Report each line of the entries below that has the word "страницы" in it.

[Crawled caption data]
* * *

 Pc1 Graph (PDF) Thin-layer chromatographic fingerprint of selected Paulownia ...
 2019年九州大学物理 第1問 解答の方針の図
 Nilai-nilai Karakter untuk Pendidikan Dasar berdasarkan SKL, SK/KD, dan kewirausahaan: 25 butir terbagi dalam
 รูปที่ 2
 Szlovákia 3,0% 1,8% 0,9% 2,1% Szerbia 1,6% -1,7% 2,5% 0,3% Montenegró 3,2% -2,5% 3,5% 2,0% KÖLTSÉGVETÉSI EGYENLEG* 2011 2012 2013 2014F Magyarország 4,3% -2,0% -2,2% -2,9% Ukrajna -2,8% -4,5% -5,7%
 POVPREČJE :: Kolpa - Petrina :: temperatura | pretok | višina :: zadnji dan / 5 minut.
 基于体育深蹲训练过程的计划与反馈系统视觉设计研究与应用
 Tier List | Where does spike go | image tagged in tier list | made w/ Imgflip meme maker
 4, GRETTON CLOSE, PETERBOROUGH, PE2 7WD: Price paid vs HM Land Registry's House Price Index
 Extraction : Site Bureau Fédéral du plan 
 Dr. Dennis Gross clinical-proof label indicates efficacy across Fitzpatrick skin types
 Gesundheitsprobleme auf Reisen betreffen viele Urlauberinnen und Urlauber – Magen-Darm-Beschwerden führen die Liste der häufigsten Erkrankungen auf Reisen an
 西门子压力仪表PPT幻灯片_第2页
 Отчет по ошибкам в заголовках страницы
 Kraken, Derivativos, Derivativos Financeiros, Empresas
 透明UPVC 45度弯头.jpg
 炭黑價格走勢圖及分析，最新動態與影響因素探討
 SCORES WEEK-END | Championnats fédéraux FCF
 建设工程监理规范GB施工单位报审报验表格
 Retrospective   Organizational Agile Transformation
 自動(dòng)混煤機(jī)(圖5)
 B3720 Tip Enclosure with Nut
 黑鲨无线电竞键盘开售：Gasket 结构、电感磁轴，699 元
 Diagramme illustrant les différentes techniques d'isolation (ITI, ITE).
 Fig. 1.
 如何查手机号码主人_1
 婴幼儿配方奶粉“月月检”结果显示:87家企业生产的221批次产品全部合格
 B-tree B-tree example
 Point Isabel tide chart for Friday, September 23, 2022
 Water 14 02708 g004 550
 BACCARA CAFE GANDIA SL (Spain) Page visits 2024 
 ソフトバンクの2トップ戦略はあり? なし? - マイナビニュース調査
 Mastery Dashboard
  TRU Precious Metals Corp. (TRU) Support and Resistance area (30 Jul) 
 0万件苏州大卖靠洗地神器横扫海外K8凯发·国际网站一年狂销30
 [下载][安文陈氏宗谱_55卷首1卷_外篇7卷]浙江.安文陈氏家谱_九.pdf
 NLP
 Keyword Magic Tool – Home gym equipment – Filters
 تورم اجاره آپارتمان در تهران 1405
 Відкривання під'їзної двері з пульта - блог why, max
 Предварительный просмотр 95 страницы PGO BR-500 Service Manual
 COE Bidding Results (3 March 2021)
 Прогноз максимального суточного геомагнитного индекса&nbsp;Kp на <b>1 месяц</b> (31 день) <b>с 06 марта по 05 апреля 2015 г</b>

* * *

### Written answer
 Отчет по ошибкам в заголовках страницы
 Предварительный просмотр 95 страницы PGO BR-500 Service Manual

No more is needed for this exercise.